Physics-grounded simulation matches real training data for cloth manipulation tasks

A real-to-sim-to-real pipeline using elastic modeling and diffusion-based trajectory generation achieves 90% zero-shot success on deformable object manipulation using only synthetic training data.

PaperarXiv:2604.08544v1 ↗

Yunsong Zhou · Hangxu Liu · Xuekun Jiang · Xing Shen · Yuanzhen Zhou · Hui Wang · +9 more

Research Digest·13 April 2026·3 min read

Read the paper →

Zhou et al. · AI-generated illustration · Zotpaper

Zhou et al. present SIM1, a data engine that converts a small number of real demonstrations into large-scale synthetic training data for robotic manipulation of deformable objects such as cloth. The system digitizes real scenes into metric-accurate virtual twins, calibrates soft-body physics via elastic modeling, and generates diverse trajectories through a diffusion model with quality filtering. Policies trained exclusively on this synthetic data match those trained on real data at a 1:15 equivalence ratio — one real demonstration is worth roughly fifteen synthetic ones, or equivalently, fifteen synthetic examples substitute for one real one.

What they did

The authors built a three-stage pipeline. First, real scenes are reconstructed into simulation as metric-consistent digital twins. Second, deformable dynamics (e.g., cloth stiffness, elasticity) are calibrated against physical measurements rather than left at default simulator values. Third, a diffusion model generates new manipulation trajectories from the calibrated scene, and a quality filter removes physically implausible samples before the data is used for policy training.

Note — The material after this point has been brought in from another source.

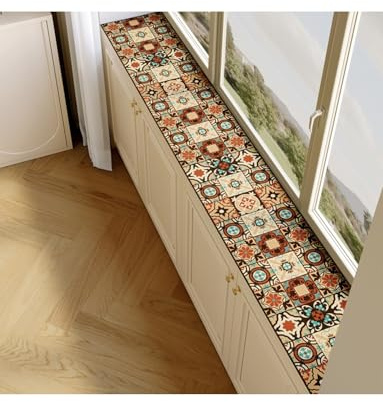 Narrow Window Sill Mat, Cuttable Window Sill Mat, Anti-Slip Window Sill Protector, for Dining Room(Brown,10x200cm)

Experiments targeted cloth manipulation tasks in real-world settings. Policies were trained on purely synthetic data produced by SIM1 and evaluated zero-shot on physical hardware, then compared against baselines trained on equivalent quantities of real demonstrations.

Key findings

Policies trained on SIM1 synthetic data achieve 90% zero-shot success on real-world cloth manipulation tasks.
Synthetic data provides a 1:15 equivalence ratio relative to real demonstrations — fifteen synthetic examples are needed to match one real demonstration in policy quality.
SIM1-trained policies show 50% generalization gains over real-data baselines when evaluated on out-of-distribution configurations.
The pipeline is described as operating from limited demonstrations, suggesting low entry cost for new task setups.

Why it matters

Deformable object manipulation is among the hardest regimes for sim-to-real transfer because shape, contact, and topology change continuously and are poorly captured by rigid-body simulators. SIM1 demonstrates that physics calibration — rather than purely increasing simulation fidelity through rendering — is the key bottleneck. If the 1:15 ratio holds across tasks, synthetic data generation could substantially reduce real-world data collection effort for cloth-class manipulation.

Caveats

The 1:15 equivalence ratio means synthetic data is not a free substitute; real demonstrations are still more informationally dense. Results are reported on cloth manipulation specifically, and it is unclear how the pipeline transfers to other deformable categories (granular materials, liquids, ropes). The diffusion-based trajectory generator and quality filter introduce their own failure modes that are not fully characterized. Independent replication and ablation of each pipeline stage would strengthen the claims.

Analysis

The paper positions itself against a body of sim-to-real work that has focused on visual domain randomization and rendering realism. The authors' argument — that simulation fails because it is 'ungrounded' rather than because it is synthetic — redirects attention toward physics parameter calibration as the primary lever. This is consistent with recent trends in contact-rich manipulation research, where accurate contact models matter more than photorealistic appearance.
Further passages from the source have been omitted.